● PROBLEM DESCRIPTION: Exactly retype the lines from the top of the data through the line containing "Hush Puppies Janet Boot in Black", leaving out every picture.

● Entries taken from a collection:
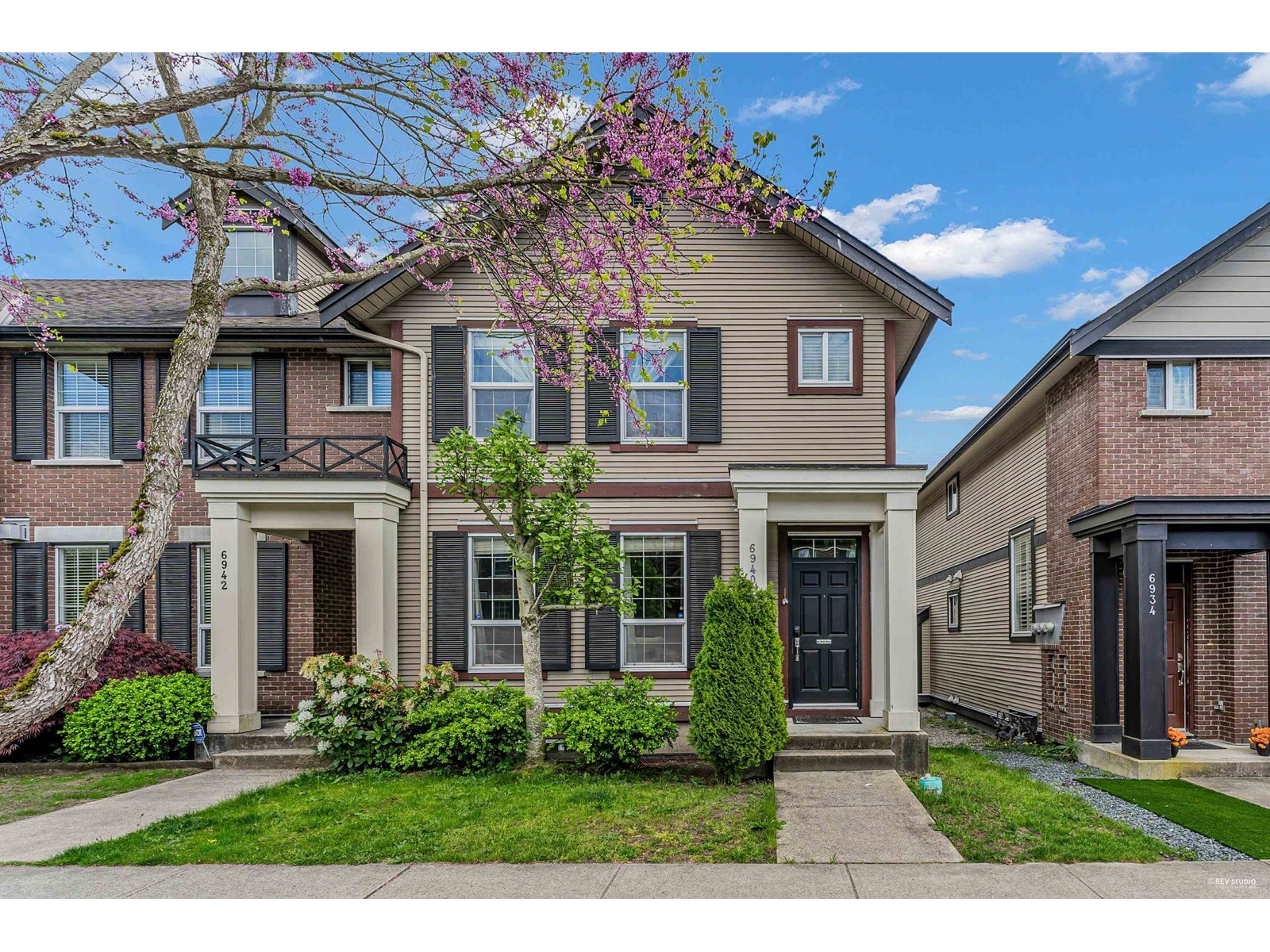 6940 208a Street, Langley, British Columbia  V2Y 0G1 - Photo 1 - R3000561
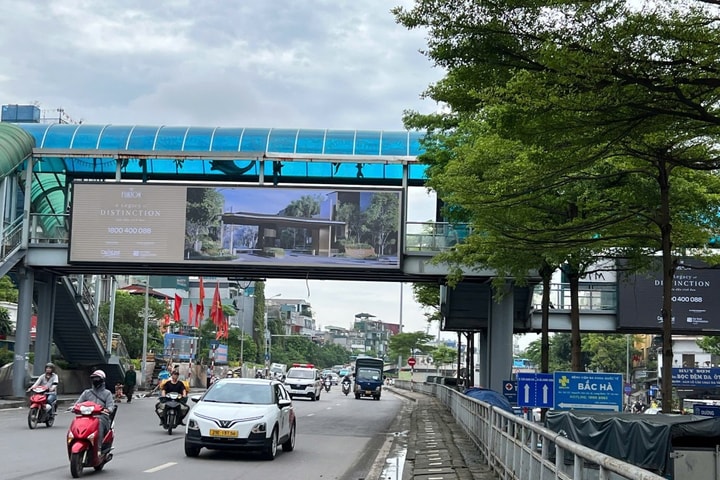 Hà Nội xanh - sạch từ camera AI, giữ nhịp thu gom rác xuyên Tết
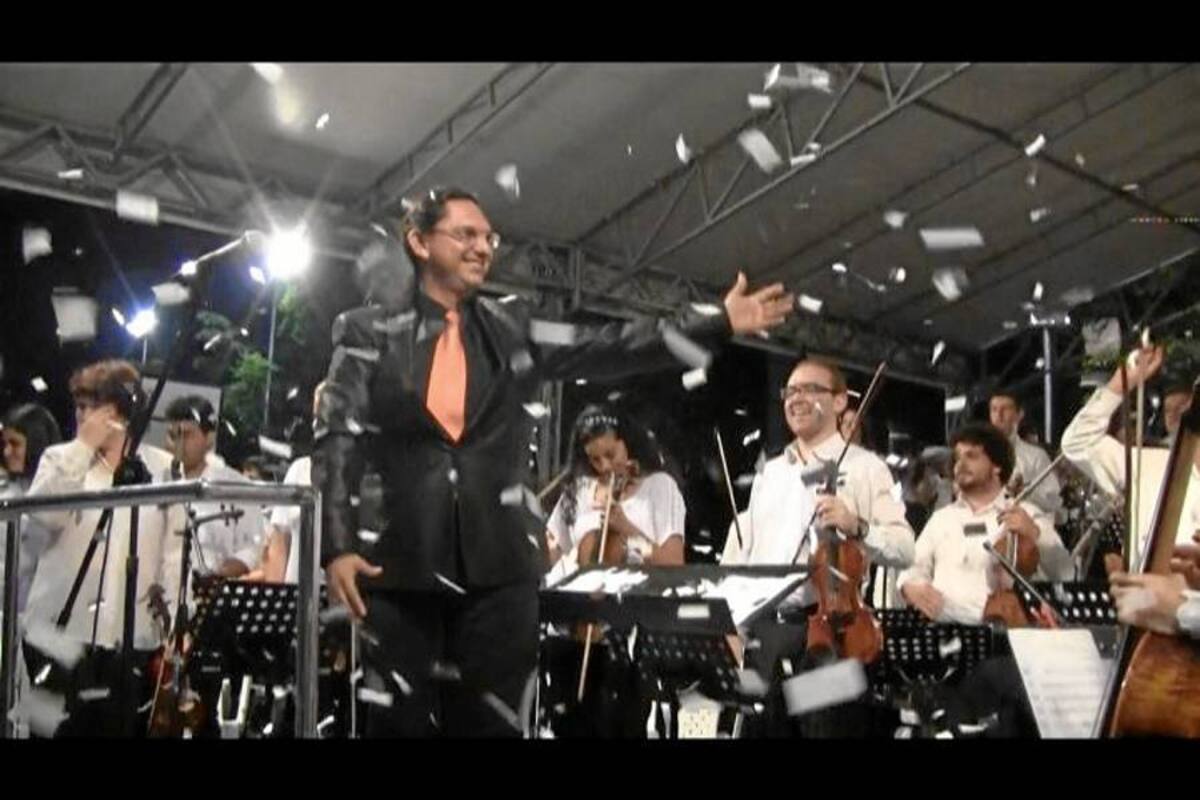 Concierto navideño en la noche de velitas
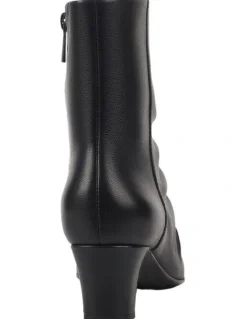 Hush Puppies Janet Boot in Black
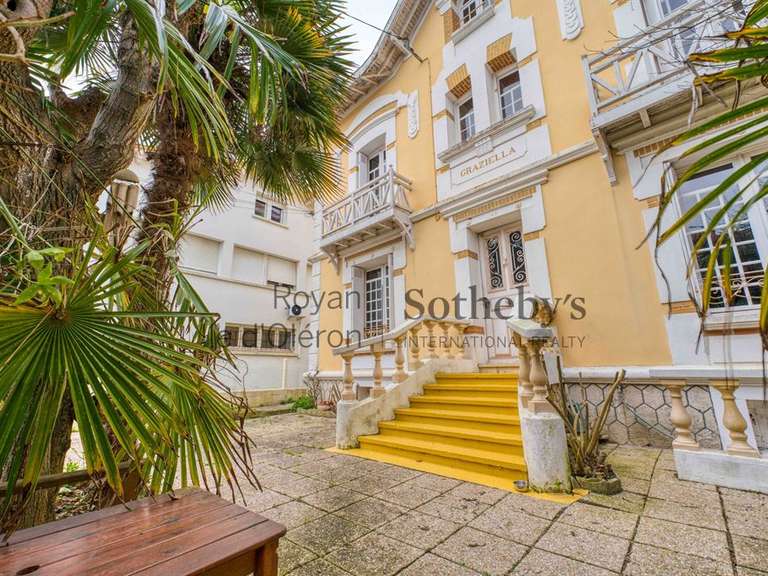 Maison Saint-Georges-de-Didonne - 4 chambres - 158m²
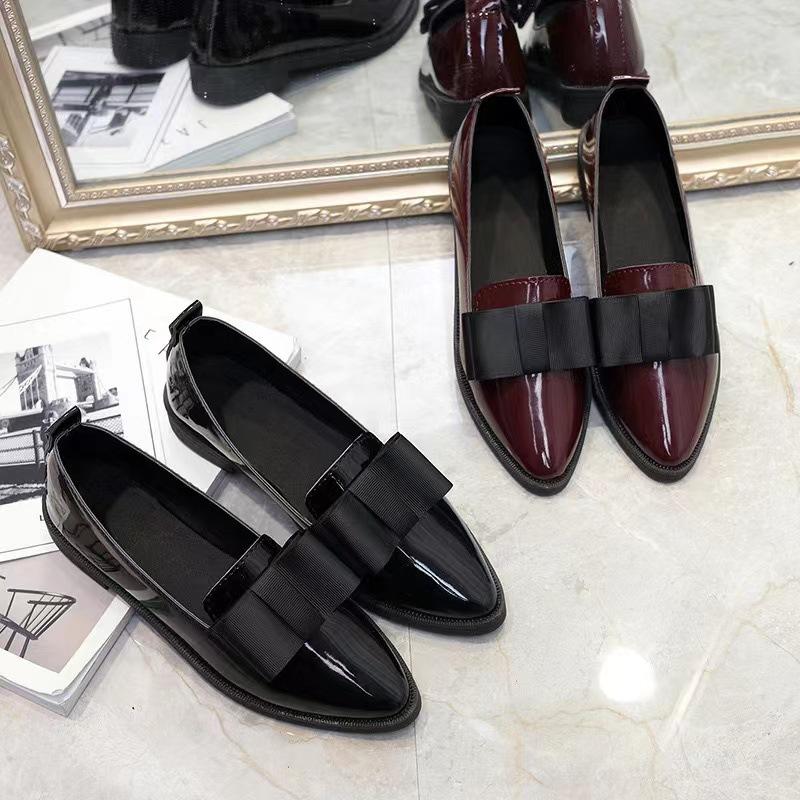 New Women's Loafers Bow Decor Pointed Toe Flat Shoes,Patent Leather Shallow Mouth Commuter Casual Shoes for Women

● ANSWER FOR THIS EXERCISE:
 6940 208a Street, Langley, British Columbia  V2Y 0G1 - Photo 1 - R3000561
 Hà Nội xanh - sạch từ camera AI, giữ nhịp thu gom rác xuyên Tết
 Concierto navideño en la noche de velitas
 Hush Puppies Janet Boot in Black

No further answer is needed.